“The Conjuring Tricks of Consciousness”

Ajahn Sundara

“The Conjuring Tricks of Consciousness”

For a long time we may think we are in charge, so we can feel very bad about ourselves, guilty or embarrassed.

How many times do we feel embarrassed about the way we behave? Even when nobody sees it and it’s just an internal experience, you feel so embarrassed. This beautiful person that you hope to become one day is suddenly raging about some silly thing, some silly object. It’s as if your grand ideal has suddenly fallen off its pedestal. We often think we are in charge, but as you keep on practising you realize your behaviour is really just blind habits, blind conditioning, blind responses.

They are blind because they act out before your mindfulness can even catch them. When you’re mindful, you are aware, you are conscious, you can see clearly. But a lot of the time the habits are so strong that they just punch – they punch the world, they punch reality. Sometimes the punch is hidden away; it’s a punch with a smile, so it’s more difficult to realize it’s a punch. It’s a very polite punch, a very sweet one.

Even in ourselves, our relationship to our own tendency to punch ourselves, we can feel very guilty and blame ourselves and feel terrible. It feels right somehow to beat myself up because there is this illusion that because I’m in charge, I should be more clever. I should be much more intelligent than just to have silly responses to life. But responses aren’t silly or aren’t silly in themselves; it’s our judgement that makes them silly or not silly.

We can judge them and say – ‘This is right, this is wrong, this is clever, this is not, I’m a cynic, I’m a kind person, I’m a beautiful person, I’m a disaster, I’m terrible, I’m weak’ They go on and on, these thoughts that judge reality like that, and we can add to them or not add to them, see them or not see them as they are.

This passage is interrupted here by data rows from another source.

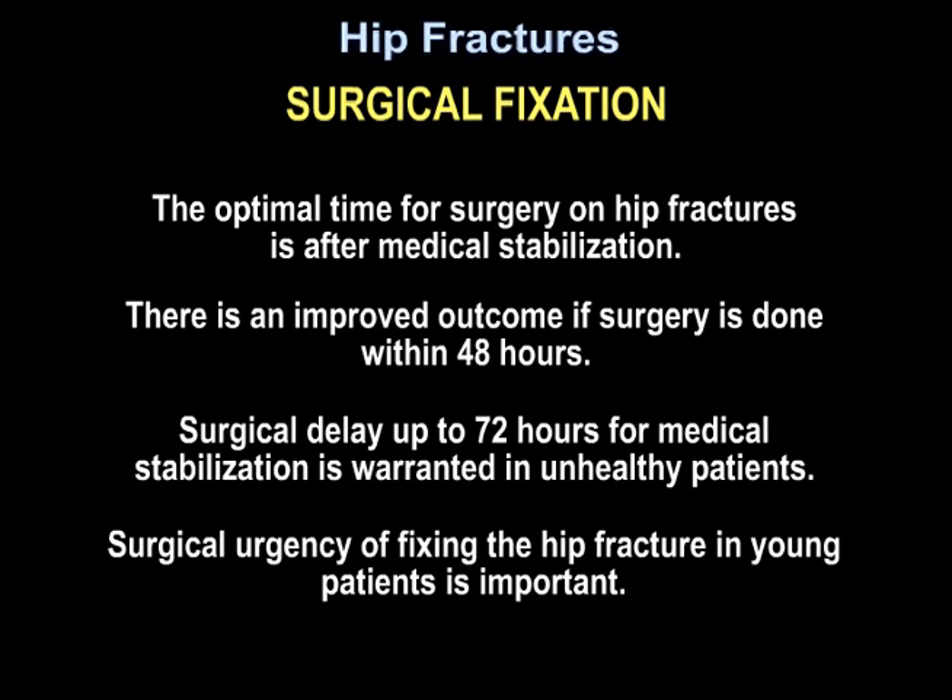The optimal time for surgery on hip fractures is after medical stabilization. There is an improved outcome if surgery is done within 48 hours. Surgical delay up to 72 hours for medical stabilization is warranted in unhealthy patients. Surgical urgency of fixing the hip fracture in young patients is important.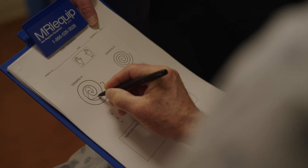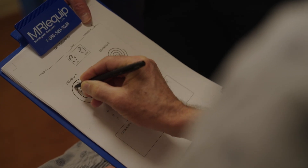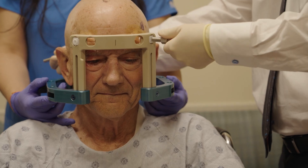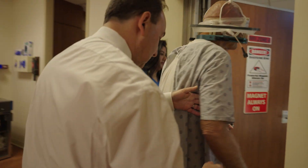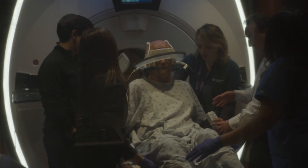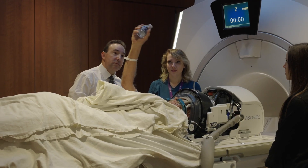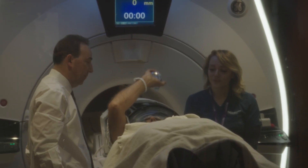MRI-guided focused ultrasound is an incisionless technique that allows us to create very precise focal lesions in the brain to treat tremor for patients who aren't great candidates for deep brain stimulation surgery or who would prefer not to have an implanted device. It allows patients to have immediate tremor relief without repeated visits for device programming, without concerns of wound healing, and without delays in achieving that relief.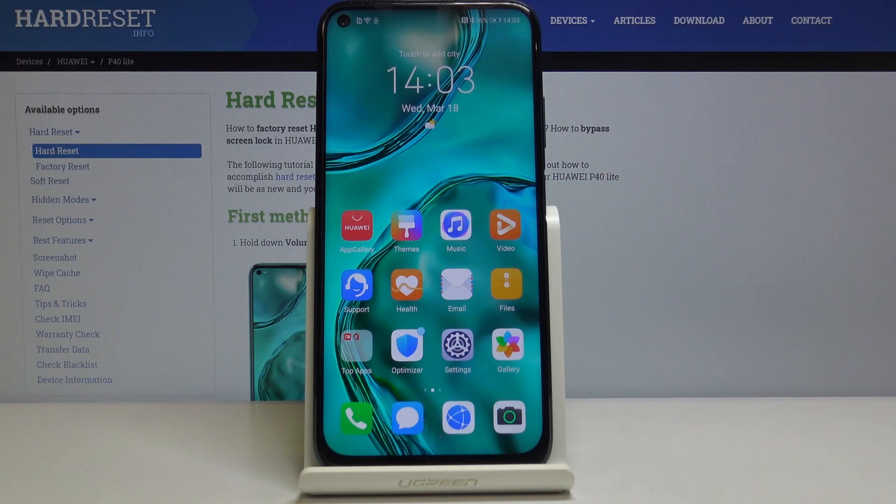Hi everyone! Today we are showing you Huawei Pay 4D Lite and I would like to show you how to virus scan your device.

But in our meditation practice, we begin to see the stories we add to reality, like the story of our past life – not our past lives, but just our past life in this life. We don’t go as far as seeing any life other than this life from our birth until now. But in our meditation, we begin to see from the platform of a clear mind that life goes on and evolves quite naturally.

We can continue the stories, liking or disliking them, wishing they weren’t around, clinging to them and hanging on to them as ‘my personal face’, ‘my personal me’ We can perpetuate the sense of self forever just by not seeing what we are doing.

If you don’t see your mind, how can you have insight into the nature of a state of mind or the five khandhas or any aspect of the mind and body? That’s what insight is about: seeing deeply the nature of thoughts, the nature of vedana, feelings, sankhara, mental constructions, which can be a huge amount of stories or just a few thoughts.

But they all involve constructing something: what the Buddha calls ‘the conjuring tricks of consciousness.’ Our consciousness can be like a magician’s tricks, like a mirage.

This reflection by Ajahn Sundara is from the book, Walking the World, (pdf) pp. 143-145.